HOW TO COMPLETE THIS TASK:
Leave every picture out, and print the full listing again exactly.

GIVEN MATERIAL:
=== Section Start ===

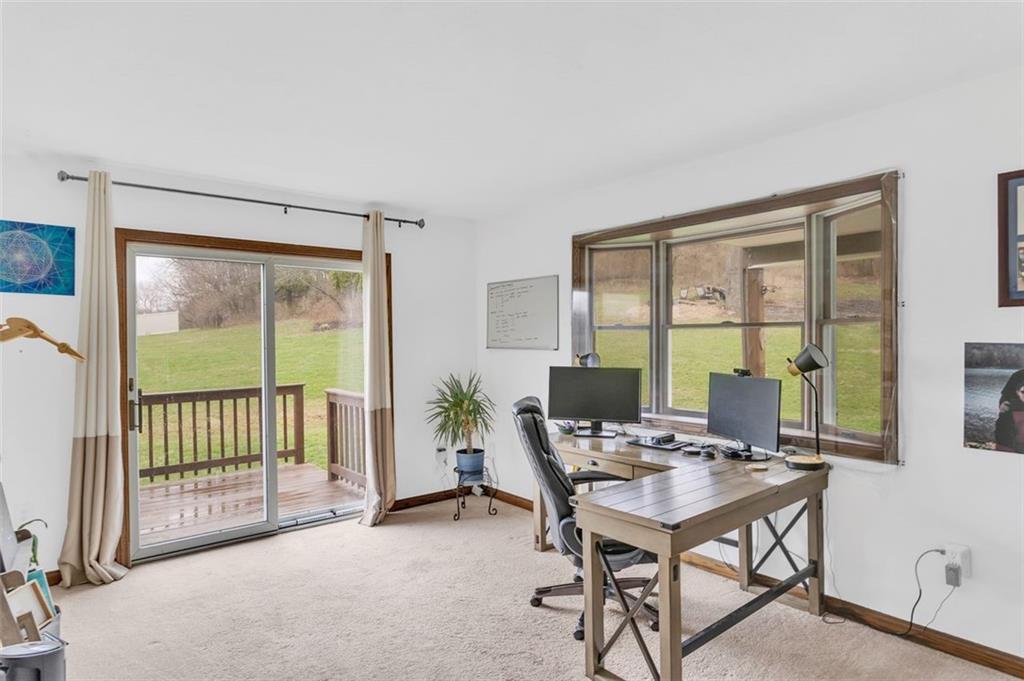 339 Lindsay Road Zelienople, PA 16063 - Photo 14 of 50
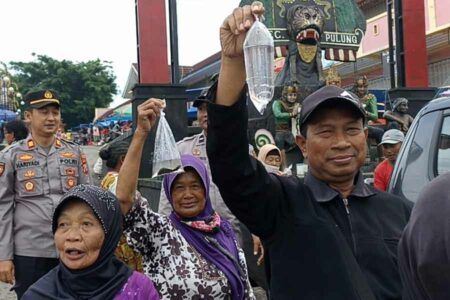 Lawan Demam Berdarah, Polisi Bagikan Ikan Cupang untuk Warga Ponorogo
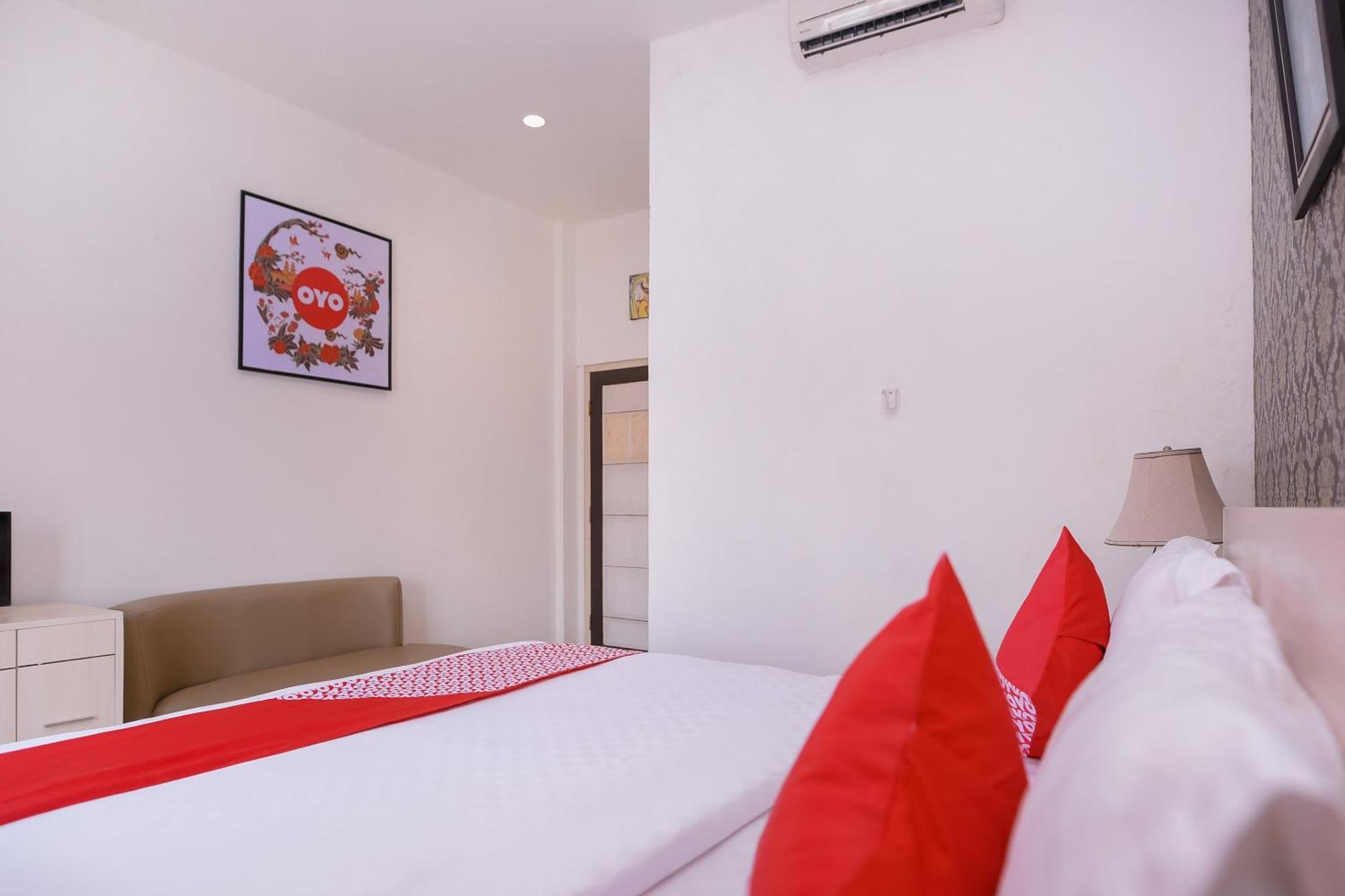 בנדה אקה Capital O 854 Ub Caisar Hotel מראה חיצוני תמונה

=== Section End ===

RESULT:
 339 Lindsay Road Zelienople, PA 16063 - Photo 14 of 50
 Lawan Demam Berdarah, Polisi Bagikan Ikan Cupang untuk Warga Ponorogo
 בנדה אקה Capital O 854 Ub Caisar Hotel מראה חיצוני תמונה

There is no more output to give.